• [What to do] All of the records are to be copied out exactly, with nothing left out.

• [Data records]

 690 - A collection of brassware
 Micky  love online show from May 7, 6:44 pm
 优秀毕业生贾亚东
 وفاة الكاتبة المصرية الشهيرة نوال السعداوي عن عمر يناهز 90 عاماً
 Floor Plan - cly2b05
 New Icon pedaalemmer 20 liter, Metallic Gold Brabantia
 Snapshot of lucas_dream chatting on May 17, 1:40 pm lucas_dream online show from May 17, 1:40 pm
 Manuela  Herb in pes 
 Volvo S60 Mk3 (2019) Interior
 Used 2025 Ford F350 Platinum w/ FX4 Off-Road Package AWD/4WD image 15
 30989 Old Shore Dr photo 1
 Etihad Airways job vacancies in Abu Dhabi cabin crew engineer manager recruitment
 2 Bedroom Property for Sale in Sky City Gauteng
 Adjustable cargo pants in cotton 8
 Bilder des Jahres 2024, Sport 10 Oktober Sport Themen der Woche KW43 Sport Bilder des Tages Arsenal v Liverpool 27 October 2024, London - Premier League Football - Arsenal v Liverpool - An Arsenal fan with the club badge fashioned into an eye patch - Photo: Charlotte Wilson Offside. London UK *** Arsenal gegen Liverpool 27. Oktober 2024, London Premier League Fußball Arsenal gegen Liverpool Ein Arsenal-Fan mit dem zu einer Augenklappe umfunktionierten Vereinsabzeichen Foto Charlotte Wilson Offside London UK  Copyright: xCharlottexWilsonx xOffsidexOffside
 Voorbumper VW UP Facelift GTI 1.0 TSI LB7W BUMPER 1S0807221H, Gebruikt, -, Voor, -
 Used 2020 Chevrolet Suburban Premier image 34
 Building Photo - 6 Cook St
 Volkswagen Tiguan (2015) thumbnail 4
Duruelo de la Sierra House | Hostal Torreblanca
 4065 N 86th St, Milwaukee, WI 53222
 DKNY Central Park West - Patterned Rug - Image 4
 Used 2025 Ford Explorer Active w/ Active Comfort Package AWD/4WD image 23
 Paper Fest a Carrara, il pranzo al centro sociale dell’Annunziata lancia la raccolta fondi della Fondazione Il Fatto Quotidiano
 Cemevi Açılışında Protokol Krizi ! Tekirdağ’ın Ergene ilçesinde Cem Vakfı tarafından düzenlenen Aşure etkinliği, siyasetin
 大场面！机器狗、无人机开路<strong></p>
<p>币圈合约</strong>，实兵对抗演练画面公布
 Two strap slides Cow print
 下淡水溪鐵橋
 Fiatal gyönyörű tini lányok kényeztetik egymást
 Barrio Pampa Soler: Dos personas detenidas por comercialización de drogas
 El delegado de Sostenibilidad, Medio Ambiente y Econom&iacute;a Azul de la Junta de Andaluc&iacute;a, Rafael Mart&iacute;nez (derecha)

• [Solution]
 690 - A collection of brassware
 Micky  love online show from May 7, 6:44 pm
 优秀毕业生贾亚东
 وفاة الكاتبة المصرية الشهيرة نوال السعداوي عن عمر يناهز 90 عاماً
 Floor Plan - cly2b05
 New Icon pedaalemmer 20 liter, Metallic Gold Brabantia
 Snapshot of lucas_dream chatting on May 17, 1:40 pm lucas_dream online show from May 17, 1:40 pm
 Manuela  Herb in pes 
 Volvo S60 Mk3 (2019) Interior
 Used 2025 Ford F350 Platinum w/ FX4 Off-Road Package AWD/4WD image 15
 30989 Old Shore Dr photo 1
 Etihad Airways job vacancies in Abu Dhabi cabin crew engineer manager recruitment
 2 Bedroom Property for Sale in Sky City Gauteng
 Adjustable cargo pants in cotton 8
 Bilder des Jahres 2024, Sport 10 Oktober Sport Themen der Woche KW43 Sport Bilder des Tages Arsenal v Liverpool 27 October 2024, London - Premier League Football - Arsenal v Liverpool - An Arsenal fan with the club badge fashioned into an eye patch - Photo: Charlotte Wilson Offside. London UK *** Arsenal gegen Liverpool 27. Oktober 2024, London Premier League Fußball Arsenal gegen Liverpool Ein Arsenal-Fan mit dem zu einer Augenklappe umfunktionierten Vereinsabzeichen Foto Charlotte Wilson Offside London UK  Copyright: xCharlottexWilsonx xOffsidexOffside
 Voorbumper VW UP Facelift GTI 1.0 TSI LB7W BUMPER 1S0807221H, Gebruikt, -, Voor, -
 Used 2020 Chevrolet Suburban Premier image 34
 Building Photo - 6 Cook St
 Volkswagen Tiguan (2015) thumbnail 4
Duruelo de la Sierra House | Hostal Torreblanca
 4065 N 86th St, Milwaukee, WI 53222
 DKNY Central Park West - Patterned Rug - Image 4
 Used 2025 Ford Explorer Active w/ Active Comfort Package AWD/4WD image 23
 Paper Fest a Carrara, il pranzo al centro sociale dell’Annunziata lancia la raccolta fondi della Fondazione Il Fatto Quotidiano
 Cemevi Açılışında Protokol Krizi ! Tekirdağ’ın Ergene ilçesinde Cem Vakfı tarafından düzenlenen Aşure etkinliği, siyasetin
 大场面！机器狗、无人机开路<strong></p>
<p>币圈合约</strong>，实兵对抗演练画面公布
 Two strap slides Cow print
 下淡水溪鐵橋
 Fiatal gyönyörű tini lányok kényeztetik egymást
 Barrio Pampa Soler: Dos personas detenidas por comercialización de drogas
 El delegado de Sostenibilidad, Medio Ambiente y Econom&iacute;a Azul de la Junta de Andaluc&iacute;a, Rafael Mart&iacute;nez (derecha)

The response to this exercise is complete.